## What is being asked
This task calls for the lines below starting at the one containing "TWO 1971 Iconic" and ending at the one containing "Fointer Black Suede Ruched Mid Calf Boots", repeated exactly with both ends kept and pictures left out.

## Records for the exercise

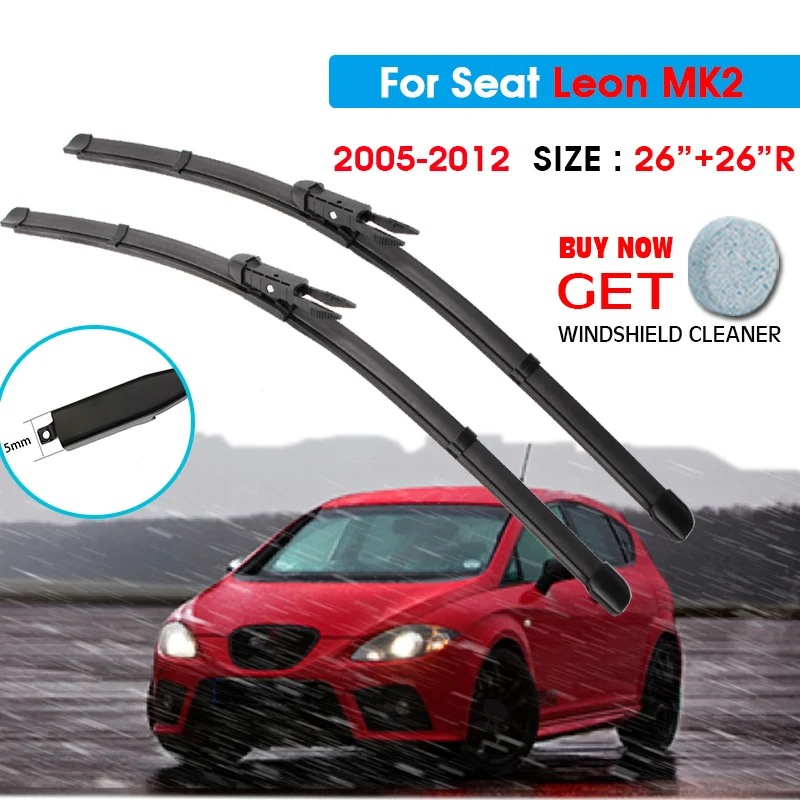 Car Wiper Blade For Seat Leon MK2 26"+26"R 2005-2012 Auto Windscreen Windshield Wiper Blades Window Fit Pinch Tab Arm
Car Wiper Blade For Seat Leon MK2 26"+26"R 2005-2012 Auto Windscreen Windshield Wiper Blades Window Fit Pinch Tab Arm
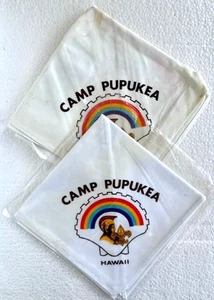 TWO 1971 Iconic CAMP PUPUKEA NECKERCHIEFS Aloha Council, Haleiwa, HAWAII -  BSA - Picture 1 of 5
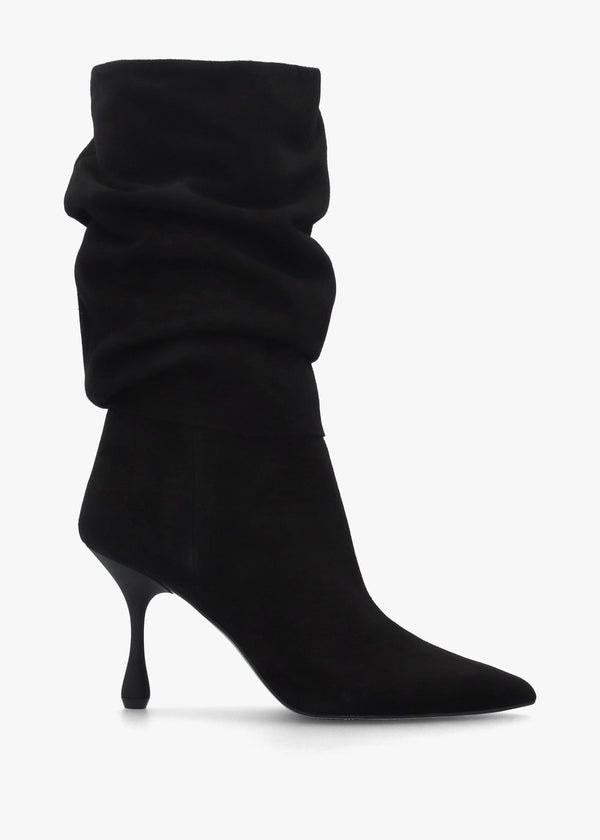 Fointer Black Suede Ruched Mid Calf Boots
* * *
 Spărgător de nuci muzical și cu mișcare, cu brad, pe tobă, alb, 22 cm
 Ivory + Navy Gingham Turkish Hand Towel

## Answer space
 TWO 1971 Iconic CAMP PUPUKEA NECKERCHIEFS Aloha Council, Haleiwa, HAWAII -  BSA - Picture 1 of 5
 Fointer Black Suede Ruched Mid Calf Boots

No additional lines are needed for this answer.